Take nothing but the lines from the one with "河南开封铁塔公园夏季户外风光航拍视角图片素材" through the one with "4 bed House" in the entries below, both ends kept, and return them exactly with pictures left out.

> **Exercise materials**
+ + +
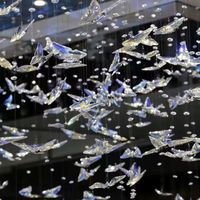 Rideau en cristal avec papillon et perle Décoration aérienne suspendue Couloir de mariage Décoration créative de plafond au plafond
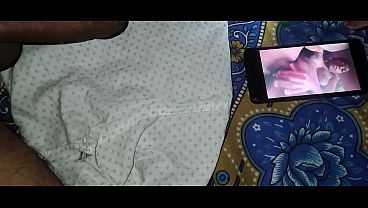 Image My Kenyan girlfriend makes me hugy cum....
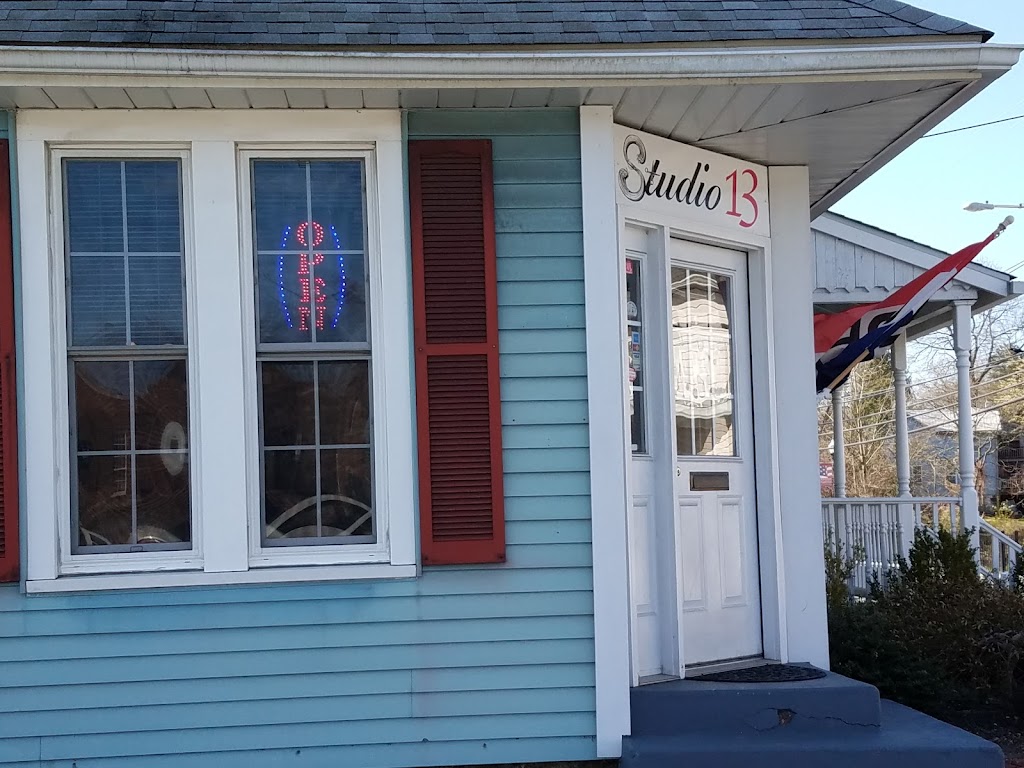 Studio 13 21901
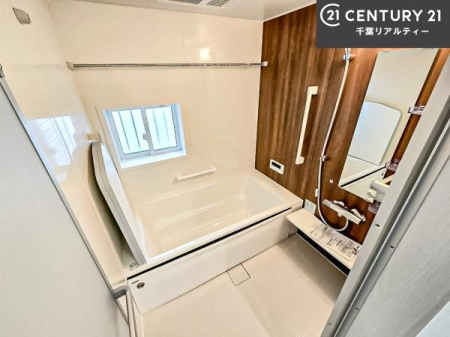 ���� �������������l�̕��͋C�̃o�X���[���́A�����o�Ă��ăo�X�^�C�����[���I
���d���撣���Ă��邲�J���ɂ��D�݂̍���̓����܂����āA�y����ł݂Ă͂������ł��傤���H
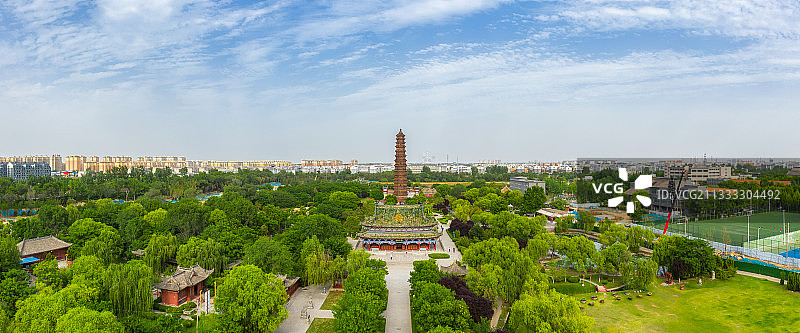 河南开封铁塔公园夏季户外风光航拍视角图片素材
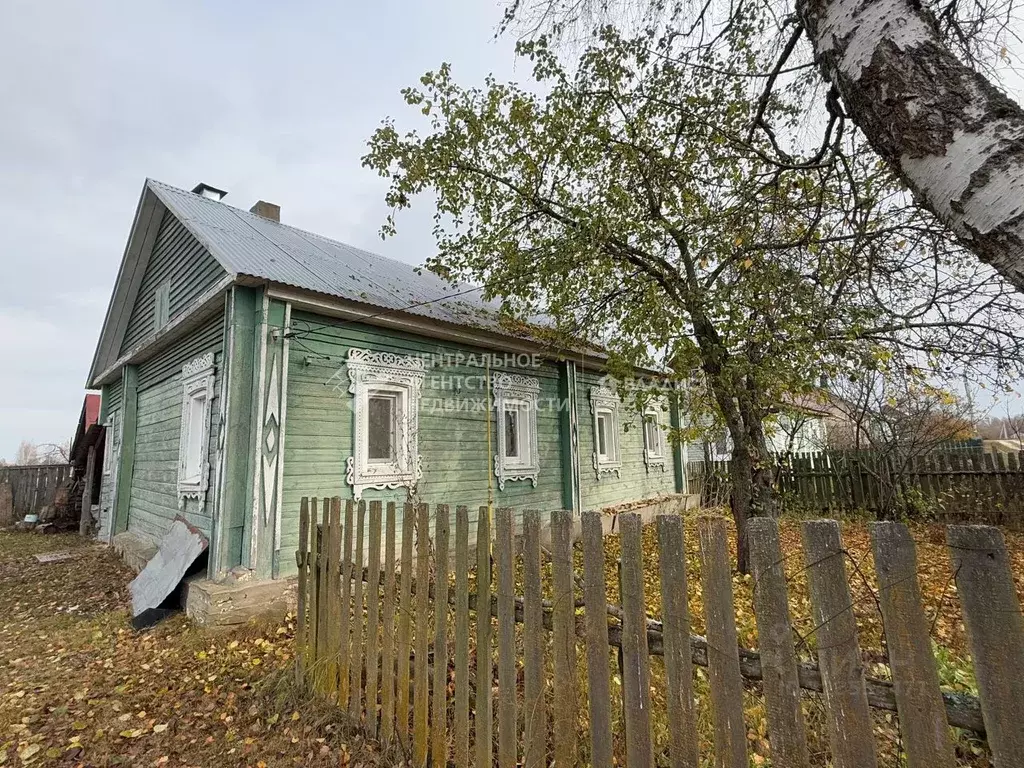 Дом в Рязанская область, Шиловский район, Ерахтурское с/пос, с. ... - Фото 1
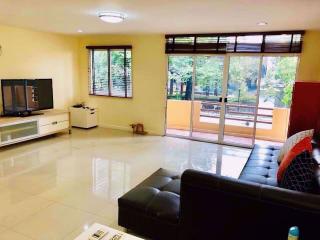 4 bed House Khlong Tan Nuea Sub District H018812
+ + +
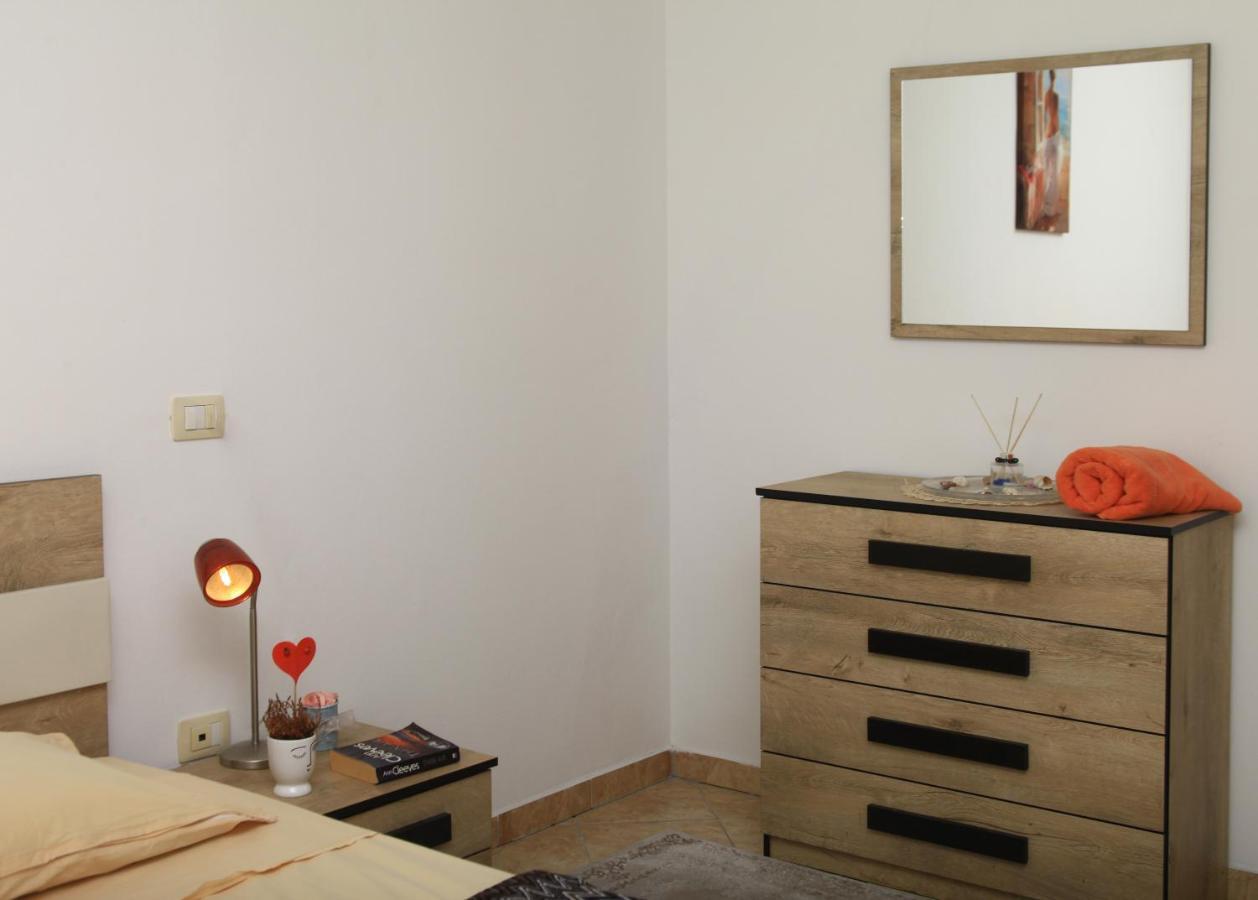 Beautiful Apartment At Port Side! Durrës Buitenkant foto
+ + +
> **Answer section**
 河南开封铁塔公园夏季户外风光航拍视角图片素材
 Дом в Рязанская область, Шиловский район, Ерахтурское с/пос, с. ... - Фото 1
 4 bed House Khlong Tan Nuea Sub District H018812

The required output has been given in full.